The problem: Pictures are not part of the answer. Return the lines from the one containing "It's time for" through the end of the data, both included, exactly as they appear.
══ Stored data ══
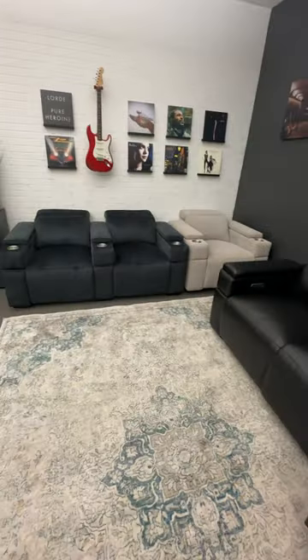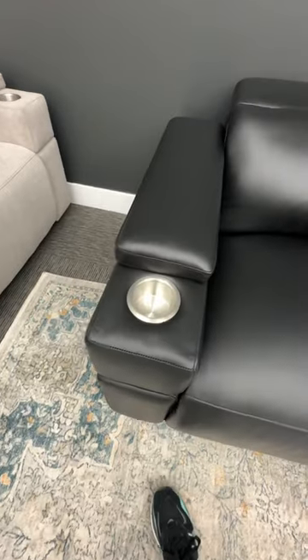You can see all the different configurations — there are so many different options online. Even if you get this, you can still recline the middle seat without any arms. If you want a cup holder, simply slide this back. If you want that seamless look, simply slide it and hide it.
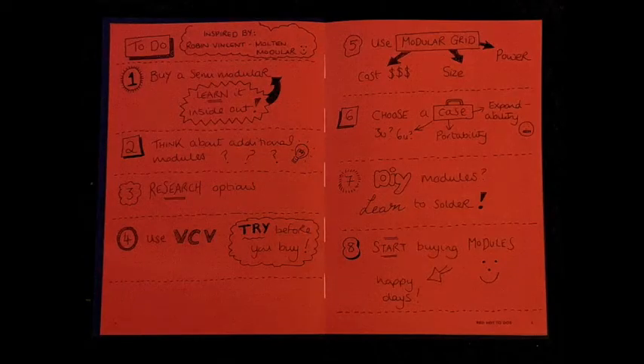It's time for a modular update from Nikki. She's been slowly putting some modules together. Shall I consult the book? I often need to. I have the book which I wrote my to-do list on the modular in. One, buy a semi-modular and learn it inside out — I'm still learning on the Behringer Neutron. Two, think about additional modules. Three, research options. And use VCV Rack, which is the virtual modular rack, which I can highly recommend.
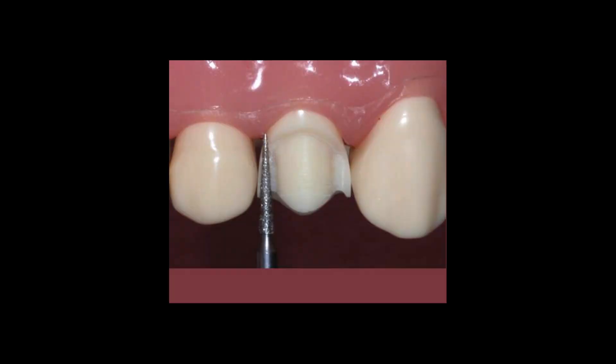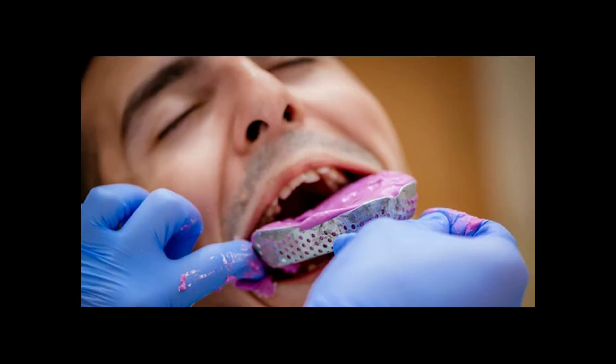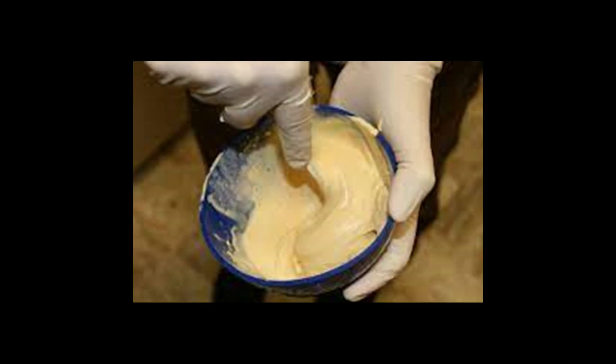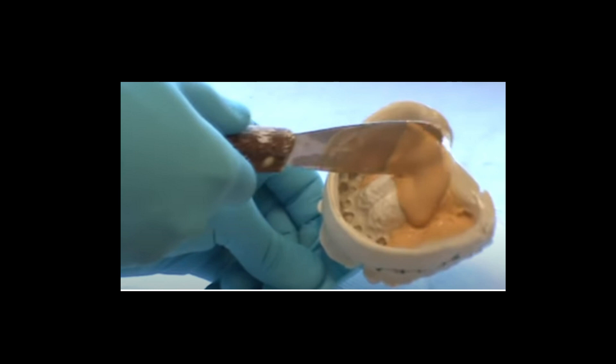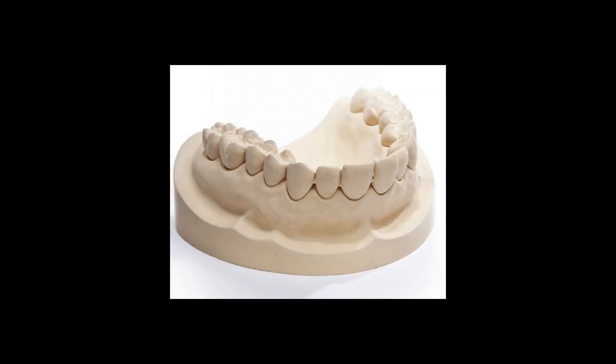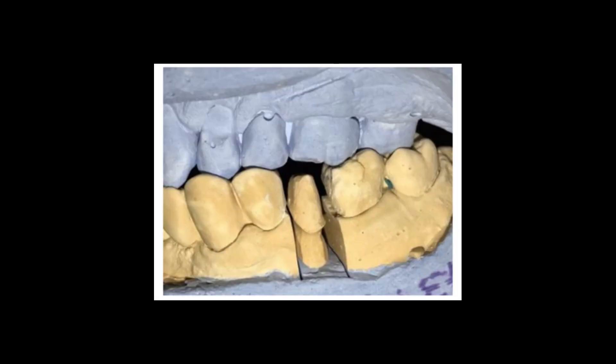The first step is to prepare the tooth. This means that we have to use a burr and reduce the tooth so that the crown can fit perfectly. Then we take an impression of this, and the impression will look something like this. We pour the impression to get a model. Once it sets, it will look something like this that you can see here — the prepared tooth's model.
═══
Response to this task:
It's time for a modular update from Nikki. She's been slowly putting some modules together. Shall I consult the book? I often need to. I have the book which I wrote my to-do list on the modular in. One, buy a semi-modular and learn it inside out — I'm still learning on the Behringer Neutron. Two, think about additional modules. Three, research options. And use VCV Rack, which is the virtual modular rack, which I can highly recommend.
The first step is to prepare the tooth. This means that we have to use a burr and reduce the tooth so that the crown can fit perfectly. Then we take an impression of this, and the impression will look something like this. We pour the impression to get a model. Once it sets, it will look something like this that you can see here — the prepared tooth's model.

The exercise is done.